Records from a data source
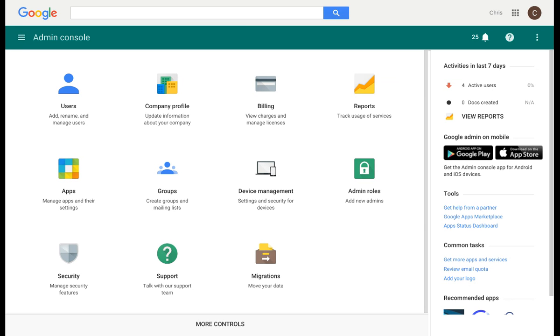Once you type that into your browser, you can then type in your user credentials, your username and password, and you will then have access to the Admin Console, as you see on the screen right here.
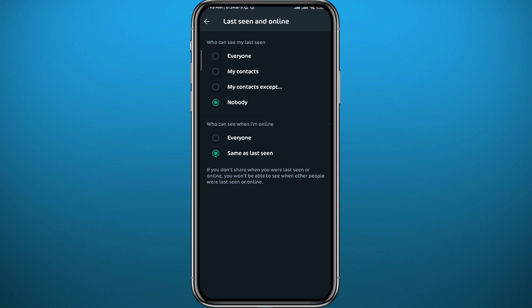If you want to change that, of course you can always come back to this place and set it however you want. You can even choose contacts or contacts except or anything like that.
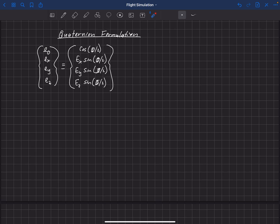We're going to focus here on the math and how this works together to define the orientation of the aircraft. The first thing to note is that we have four components, which means we need one more relationship. Remember, orientation can be defined using only three components, so we have one redundancy relation that we need to develop.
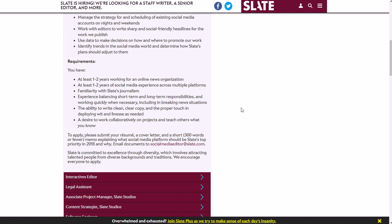Experience balancing short-term and long-term responsibilities, working quickly if necessary, the ability to write clean, clear copy and deploy the proper touch and wit and finesse as needed, a desire to work collaboratively on projects and teach others what you know.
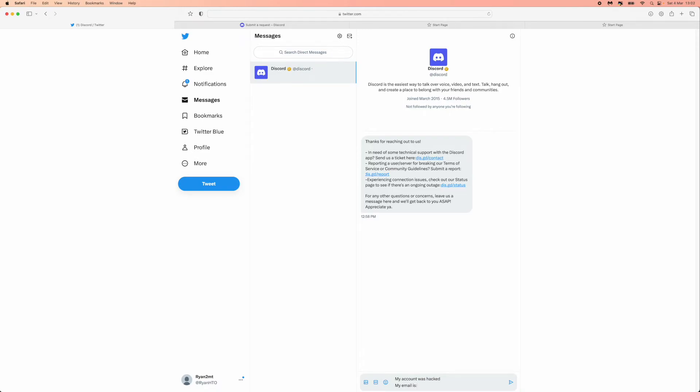And then people will be able to respond to you through Twitter messages. So this is the most efficient and easiest way to speak to a real person when you're trying to contact Discord guys. If this video did help you out, please leave a like on today's video and I will see you in the next one.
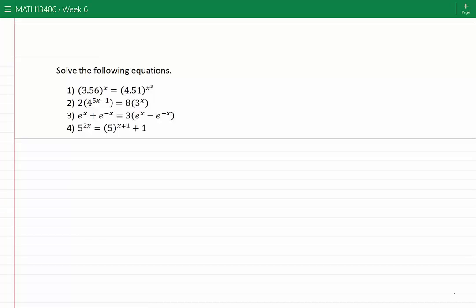Solve the following exponential equations. Starting with equation 1: 3.56 to the power of x is equal to 4.51 to the power of x cubed.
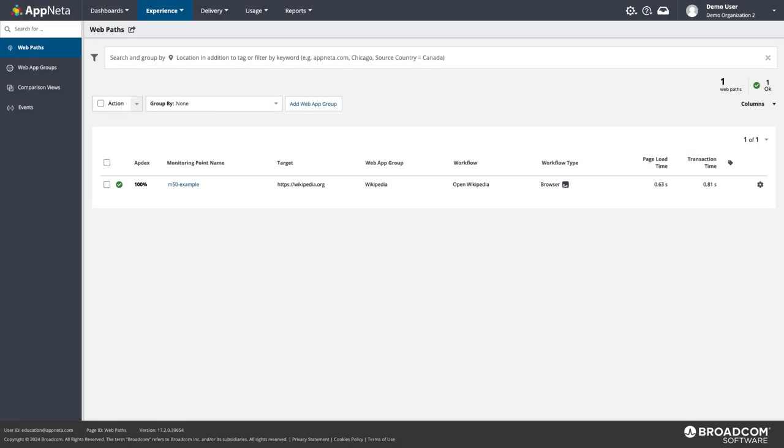In this lesson, we'll walk through a simple Selenium scripting example to monitor the performance of a web app.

▶ [Task goal] Without the images, print all of the lines above exactly.

▶ [Result of this task]
Once you type that into your browser, you can then type in your user credentials, your username and password, and you will then have access to the Admin Console, as you see on the screen right here.
If you want to change that, of course you can always come back to this place and set it however you want. You can even choose contacts or contacts except or anything like that.
We're going to focus here on the math and how this works together to define the orientation of the aircraft. The first thing to note is that we have four components, which means we need one more relationship. Remember, orientation can be defined using only three components, so we have one redundancy relation that we need to develop.
Experience balancing short-term and long-term responsibilities, working quickly if necessary, the ability to write clean, clear copy and deploy the proper touch and wit and finesse as needed, a desire to work collaboratively on projects and teach others what you know.
And then people will be able to respond to you through Twitter messages. So this is the most efficient and easiest way to speak to a real person when you're trying to contact Discord guys. If this video did help you out, please leave a like on today's video and I will see you in the next one.
Solve the following exponential equations. Starting with equation 1: 3.56 to the power of x is equal to 4.51 to the power of x cubed.
In this lesson, we'll walk through a simple Selenium scripting example to monitor the performance of a web app.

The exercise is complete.